Kalıplardan taçlar kestim.
Kalemleri kurdele ile ince ince sardım.
Ortaokul yıllarımdan kalan, kullanmaya kıyamadığım hatıra defterimi, Maya için anı defteri yaptım.
Ellerimle de kapladım defteri.
Taç dediğimiz pırıltılı şeyin en güzelini bulmak için google amcayı ağlattım.
Defalarca kişi sayısı hesapladım.
Pişmesi gerekenleri sıraladım. 
Bildiğin iş planı yaptım. 
Planlama manyağıyım ben hani. 
Sonra ne mi oldu? 
40 günün çarşambası bir araya geldi ve son hafta 3 günümü sokaklarda geçirdim. Geceleri 3'lere kadar iş yaptım. 
İtiraf etmekte sakınca görmüyorum. Elimde en bomba makaron tarifi olmasına rağmen, ilk denemem başarısız oldu ve çaktırmadan çark edip, beze kulesi diktim evin ortasına. 
Edindiğim tecrübe, 6 yumurtadan değil , 2'şer 2'şer çırp o yumurtaları sabırsız Bayan aY. 
Bir diğer edindiğim ders ise; evinin kombisi 60'lar da gezinen insanların evine beze kulesi götürüyorsan, istikamet salon değil balkon olmalıymış.

İçinde şarküteri içeren şeylerle uğraşırken, bir dahakine oruçlu olacağım sanırım. Gece 2:30'da salam ve kaşar peynir yemek, ertesi gün etkinlik fotolarında koca bir göbeğe neden oluyor-muş. :( Aslında o kadar da göbekli değilim ben, ne olur bunu bilin. :)

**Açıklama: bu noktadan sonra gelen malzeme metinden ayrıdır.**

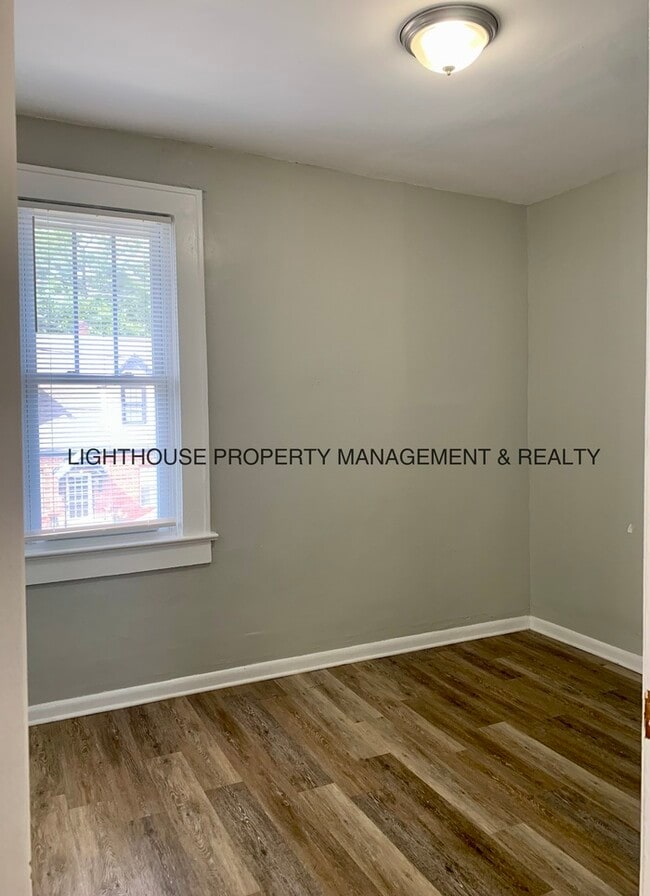 Building Photo - Spacious Upstairs Duplex With Private Entry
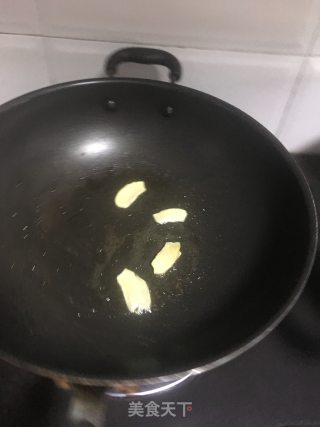 酱油鸡翅的做法步骤：2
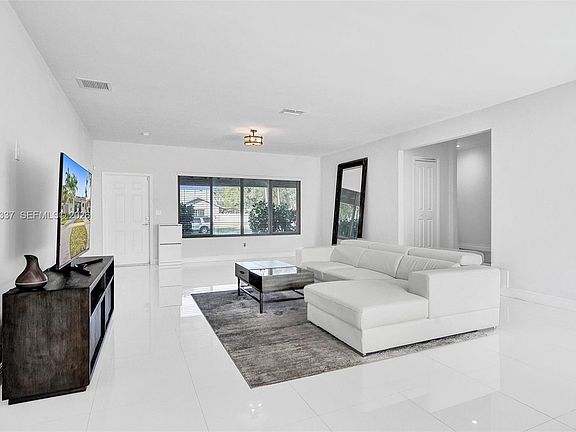 5th image of 1102 Meadowlark Ave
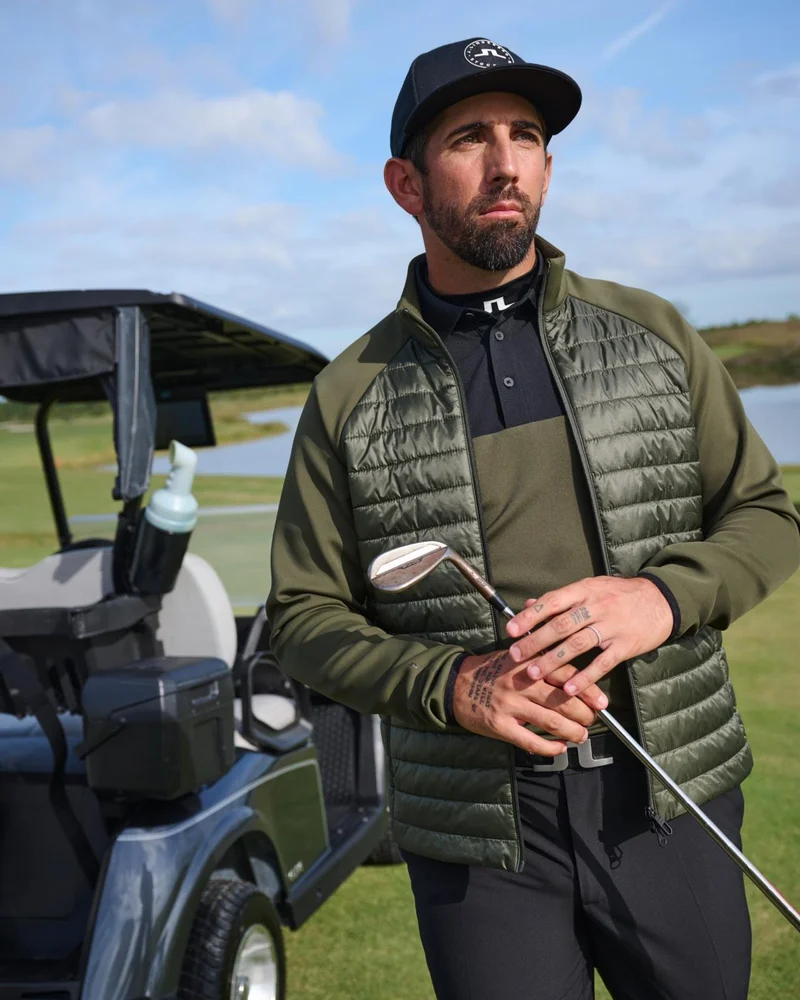 Hybrid jackets for golf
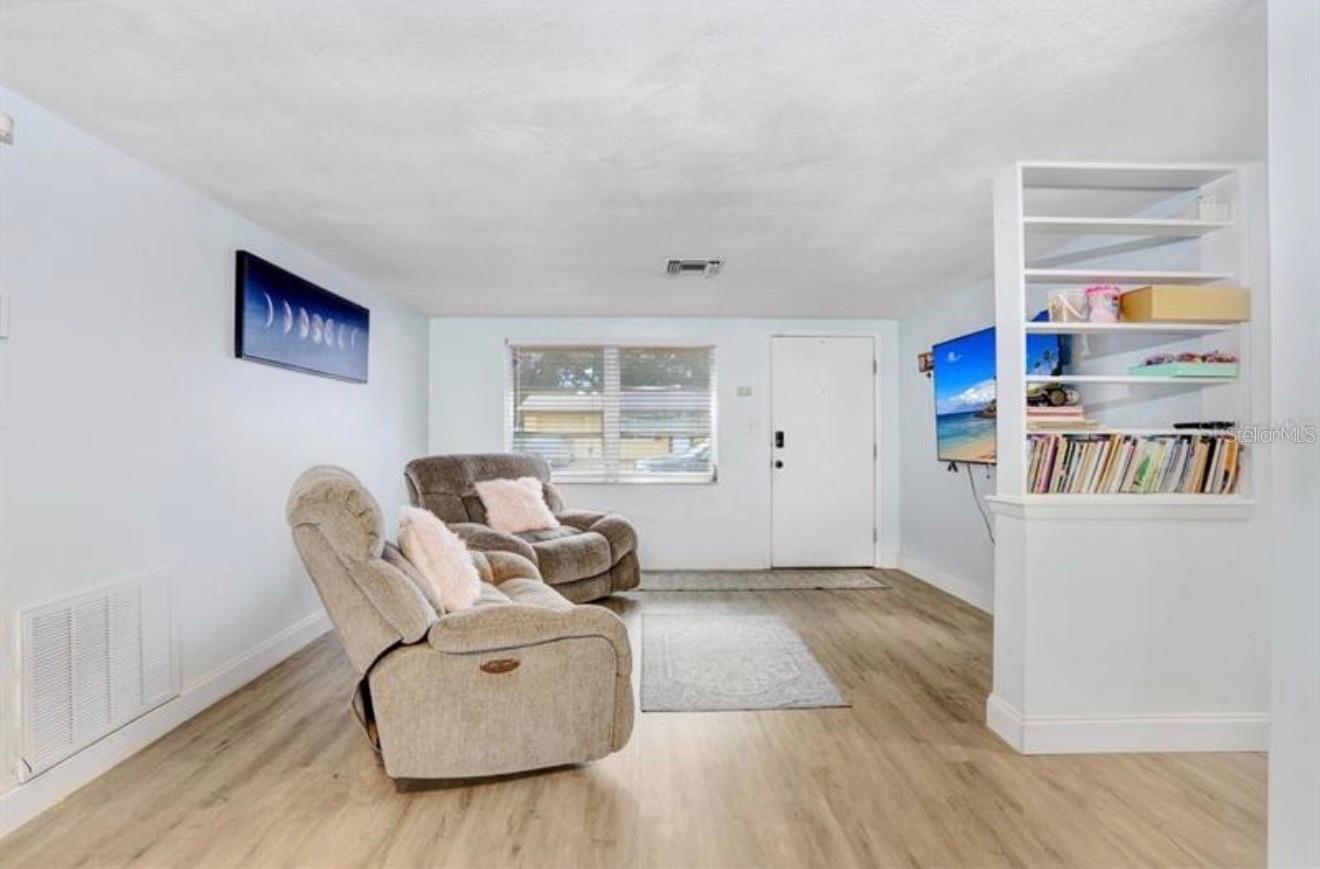 Image 6 of 18 For 9040 Lunar Lane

Düşünmekten yoruldum, koşturmaktan yoruldum, paniklerim çok oldu. Yapamıyacağım dediğim tek bir an bile olmadı. Bu tip zamanlarda insana "insan lazım". İnancını belli eden, sevgisini belli eden. Aklını alacağına akıl veren. Kimi zaman gülümseme ile kimi zaman sarılması ile destek veren insan lazım.

Gelen herkesin ayaklarına sağlık. 
Dilerim canım kızımızın ömrü uzun, yolu hep ışıklı olur. Sevgi dolu olur. Şanslı olur. Belki 15/16 yaşlarında o günün fotoğraflarına bakar ve "teyzeme de bak" der. ( Burada gözlerim doldu, sanırım yaşlanıyorum.)

Aklımdan hala zerre kadar anne olmak geçmiyor ama neden ben bu kızları daha doğmadan seviyorum ben; demeye devam ediyorum. Tekme atsa da hissetsem diye beklediğim zamanlarım oldu inkar edemem.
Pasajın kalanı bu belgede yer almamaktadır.